Malloves Jewelers will continue under new ownership as the Hannoush family steps in; sale price was not disclosed, even as Hannoush pursues a separate $5 million expansion in the region.

  • Price: Undisclosed
  • Carat weight: N/A
  • Origin: Middletown, Connecticut
  • Date: Dec. 16, 2025
  • Family tenure: 97 years (Levin family)

What happened

Malloves Jewelers, a Middletown mainstay owned by Marc Levin, will remain open under the Malloves name after Sammy Hannoush — part of the Hannoush family that operates several Connecticut stores — completed the purchase. Levin, 64, who informed customers that he planned to retire and close the business at the end of October, confirmed the transition in a social post describing the buyer as a “well-known jeweler on the East Coast.” Hannoush has not disclosed the purchase price.

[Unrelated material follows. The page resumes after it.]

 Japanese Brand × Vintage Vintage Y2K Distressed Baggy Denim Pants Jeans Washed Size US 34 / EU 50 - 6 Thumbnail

The transaction preserves staff and much of the store’s supplier relationships; Hannoush has said he will concentrate inventory and service emphasis on engagement rings, wedding bands and jewelry repairs while keeping the existing product mix largely intact.

Fast, tactile details

Inside the Middletown shop, long-standing customers will recognize the same time-worn oak counter varnish, the vitreous luster of display cases and the substantial heft of the service bench where repairs are made. Sammy Hannoush framed the move as both stewardship and a strategic retail step: “We gotta keep it going,” he told CT Insider.

Context: how this fits 2025 trends

The sale is modest but instructive in the 2025 retail landscape. Mature independents across the US are becoming targets for regional family groups and private operators seeking low-risk acquisitions that preserve foot traffic and margin. Hannoush’s decision to retain staff and supplier lines aligns with a broader market preference for conservation over radical rebranding — a response to consumers who prize provenance and service continuity.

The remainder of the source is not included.